▶ **Task description**
From the data below, repeat exactly the lines from the line with "A modern hotel" to the line with "Coffin-shaped gothic wedding", both included.

☆ ☆ ☆ ☆ ☆ ☆ ☆

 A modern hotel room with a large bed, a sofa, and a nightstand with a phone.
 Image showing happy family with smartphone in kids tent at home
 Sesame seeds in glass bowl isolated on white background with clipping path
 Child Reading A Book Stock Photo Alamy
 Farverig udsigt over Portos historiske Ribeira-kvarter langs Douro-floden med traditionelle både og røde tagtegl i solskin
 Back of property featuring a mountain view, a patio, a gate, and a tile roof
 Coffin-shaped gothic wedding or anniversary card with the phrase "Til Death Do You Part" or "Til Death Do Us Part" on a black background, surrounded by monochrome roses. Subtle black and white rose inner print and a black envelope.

☆ ☆ ☆ ☆ ☆ ☆ ☆

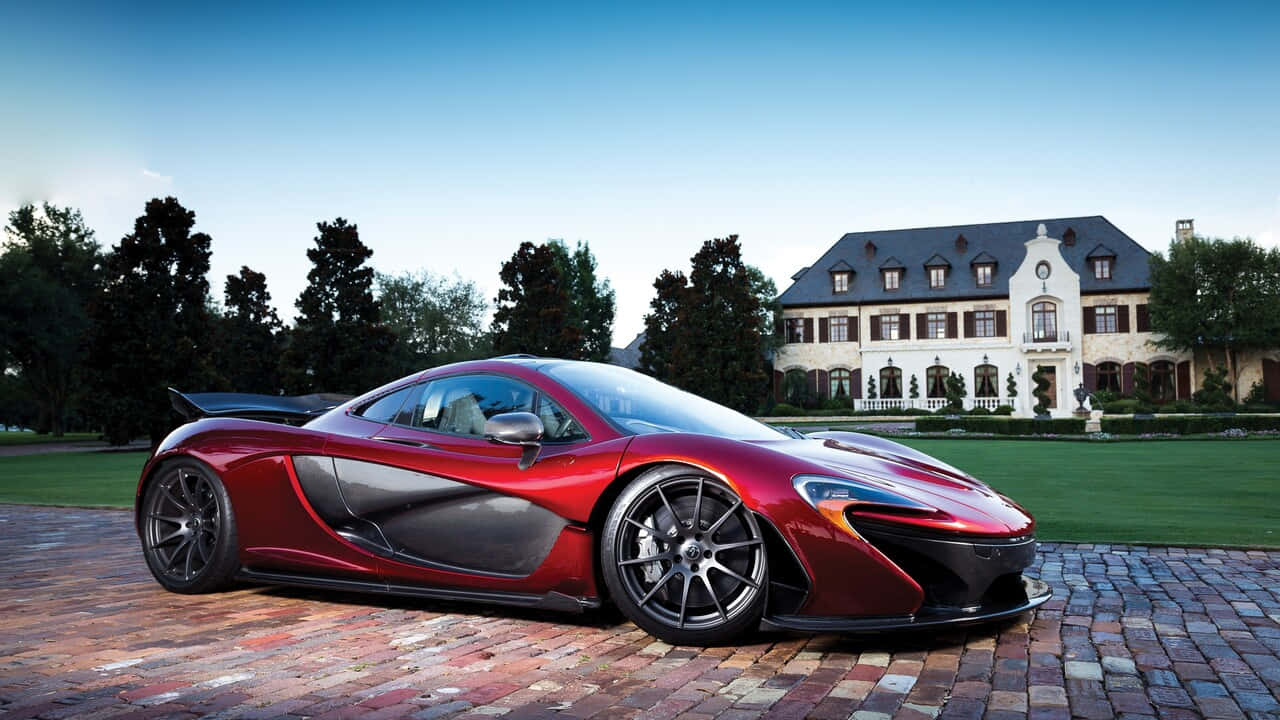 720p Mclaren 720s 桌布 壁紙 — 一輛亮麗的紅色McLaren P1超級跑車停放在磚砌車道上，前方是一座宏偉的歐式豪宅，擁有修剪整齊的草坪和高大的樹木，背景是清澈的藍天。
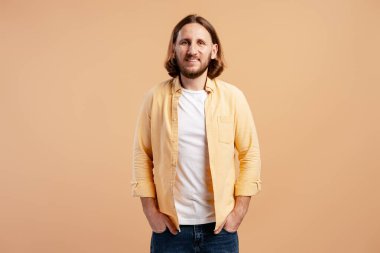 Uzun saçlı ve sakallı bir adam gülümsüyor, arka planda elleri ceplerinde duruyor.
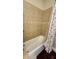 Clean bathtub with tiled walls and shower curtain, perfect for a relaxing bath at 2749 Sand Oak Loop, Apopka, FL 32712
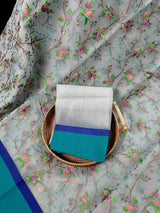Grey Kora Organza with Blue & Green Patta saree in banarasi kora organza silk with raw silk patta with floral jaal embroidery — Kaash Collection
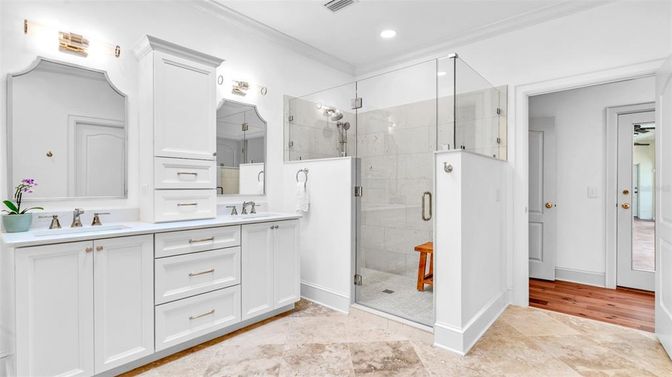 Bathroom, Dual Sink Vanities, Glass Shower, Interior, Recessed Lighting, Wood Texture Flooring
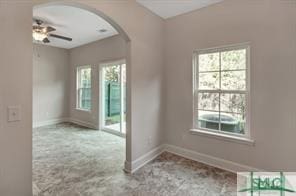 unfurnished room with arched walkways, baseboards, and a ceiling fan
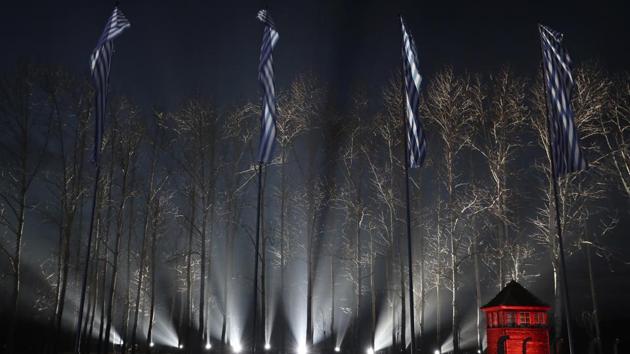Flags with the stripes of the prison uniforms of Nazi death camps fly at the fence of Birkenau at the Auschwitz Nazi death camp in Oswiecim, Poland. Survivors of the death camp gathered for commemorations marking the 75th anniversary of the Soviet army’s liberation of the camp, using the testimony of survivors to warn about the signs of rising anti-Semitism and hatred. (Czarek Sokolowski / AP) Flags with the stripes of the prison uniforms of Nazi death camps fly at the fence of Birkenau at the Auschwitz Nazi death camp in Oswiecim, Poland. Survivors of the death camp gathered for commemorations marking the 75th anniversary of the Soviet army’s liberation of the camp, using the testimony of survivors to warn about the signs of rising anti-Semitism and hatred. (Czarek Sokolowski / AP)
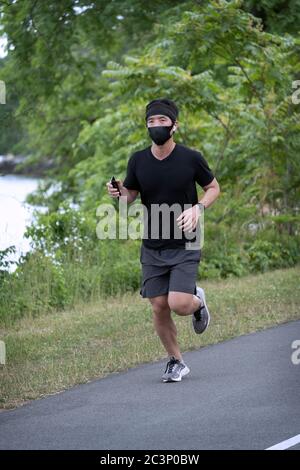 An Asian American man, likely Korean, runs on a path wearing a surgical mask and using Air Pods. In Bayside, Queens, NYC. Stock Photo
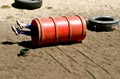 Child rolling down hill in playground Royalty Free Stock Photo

☆ ☆ ☆ ☆ ☆ ☆ ☆

▶ **Exercise output**
 A modern hotel room with a large bed, a sofa, and a nightstand with a phone.
 Image showing happy family with smartphone in kids tent at home
 Sesame seeds in glass bowl isolated on white background with clipping path
 Child Reading A Book Stock Photo Alamy
 Farverig udsigt over Portos historiske Ribeira-kvarter langs Douro-floden med traditionelle både og røde tagtegl i solskin
 Back of property featuring a mountain view, a patio, a gate, and a tile roof
 Coffin-shaped gothic wedding or anniversary card with the phrase "Til Death Do You Part" or "Til Death Do Us Part" on a black background, surrounded by monochrome roses. Subtle black and white rose inner print and a black envelope.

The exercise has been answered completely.